What do the lines from the top of the data through the line with "a picture of" say? Quote them exactly and include both ends.

——

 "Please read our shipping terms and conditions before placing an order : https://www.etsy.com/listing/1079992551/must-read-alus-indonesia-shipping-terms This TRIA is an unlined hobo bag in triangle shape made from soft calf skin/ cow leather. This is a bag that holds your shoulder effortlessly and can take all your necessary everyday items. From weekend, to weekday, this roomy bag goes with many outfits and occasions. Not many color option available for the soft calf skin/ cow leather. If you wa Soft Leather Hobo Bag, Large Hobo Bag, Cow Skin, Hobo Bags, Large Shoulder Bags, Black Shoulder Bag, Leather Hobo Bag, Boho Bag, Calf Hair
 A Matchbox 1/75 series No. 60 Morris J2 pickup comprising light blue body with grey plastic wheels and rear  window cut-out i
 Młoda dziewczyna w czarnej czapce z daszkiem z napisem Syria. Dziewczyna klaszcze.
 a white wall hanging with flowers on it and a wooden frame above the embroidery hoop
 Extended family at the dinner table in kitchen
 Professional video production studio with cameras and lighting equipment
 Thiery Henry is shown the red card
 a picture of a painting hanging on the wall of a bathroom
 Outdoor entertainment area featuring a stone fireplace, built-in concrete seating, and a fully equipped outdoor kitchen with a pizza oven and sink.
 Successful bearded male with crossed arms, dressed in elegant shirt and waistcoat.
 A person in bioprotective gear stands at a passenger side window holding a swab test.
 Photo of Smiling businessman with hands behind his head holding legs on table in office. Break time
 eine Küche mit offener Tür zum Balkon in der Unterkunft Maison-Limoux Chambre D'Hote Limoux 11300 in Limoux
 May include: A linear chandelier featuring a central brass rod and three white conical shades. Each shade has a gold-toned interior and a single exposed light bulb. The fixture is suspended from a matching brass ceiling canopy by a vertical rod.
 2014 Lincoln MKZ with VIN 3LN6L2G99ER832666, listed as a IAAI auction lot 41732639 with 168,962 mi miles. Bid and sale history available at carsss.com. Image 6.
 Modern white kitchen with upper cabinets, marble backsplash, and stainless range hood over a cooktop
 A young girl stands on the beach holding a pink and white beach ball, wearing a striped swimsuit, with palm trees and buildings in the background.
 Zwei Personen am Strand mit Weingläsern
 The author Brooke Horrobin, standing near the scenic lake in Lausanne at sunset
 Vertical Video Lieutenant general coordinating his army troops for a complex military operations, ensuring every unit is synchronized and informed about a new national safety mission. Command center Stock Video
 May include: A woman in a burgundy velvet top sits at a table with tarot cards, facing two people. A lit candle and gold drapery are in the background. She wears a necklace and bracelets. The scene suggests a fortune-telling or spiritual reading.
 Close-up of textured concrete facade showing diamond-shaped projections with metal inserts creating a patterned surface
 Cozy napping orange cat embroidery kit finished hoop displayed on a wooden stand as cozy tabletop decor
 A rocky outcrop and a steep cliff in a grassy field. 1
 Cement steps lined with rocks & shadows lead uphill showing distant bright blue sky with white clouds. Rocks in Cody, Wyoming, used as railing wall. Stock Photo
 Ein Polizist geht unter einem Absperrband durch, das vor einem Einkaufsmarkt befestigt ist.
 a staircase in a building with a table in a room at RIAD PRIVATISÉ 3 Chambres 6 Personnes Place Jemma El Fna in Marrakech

——

SOLUTION TO THE PROBLEM:
 "Please read our shipping terms and conditions before placing an order : https://www.etsy.com/listing/1079992551/must-read-alus-indonesia-shipping-terms This TRIA is an unlined hobo bag in triangle shape made from soft calf skin/ cow leather. This is a bag that holds your shoulder effortlessly and can take all your necessary everyday items. From weekend, to weekday, this roomy bag goes with many outfits and occasions. Not many color option available for the soft calf skin/ cow leather. If you wa Soft Leather Hobo Bag, Large Hobo Bag, Cow Skin, Hobo Bags, Large Shoulder Bags, Black Shoulder Bag, Leather Hobo Bag, Boho Bag, Calf Hair
 A Matchbox 1/75 series No. 60 Morris J2 pickup comprising light blue body with grey plastic wheels and rear  window cut-out i
 Młoda dziewczyna w czarnej czapce z daszkiem z napisem Syria. Dziewczyna klaszcze.
 a white wall hanging with flowers on it and a wooden frame above the embroidery hoop
 Extended family at the dinner table in kitchen
 Professional video production studio with cameras and lighting equipment
 Thiery Henry is shown the red card
 a picture of a painting hanging on the wall of a bathroom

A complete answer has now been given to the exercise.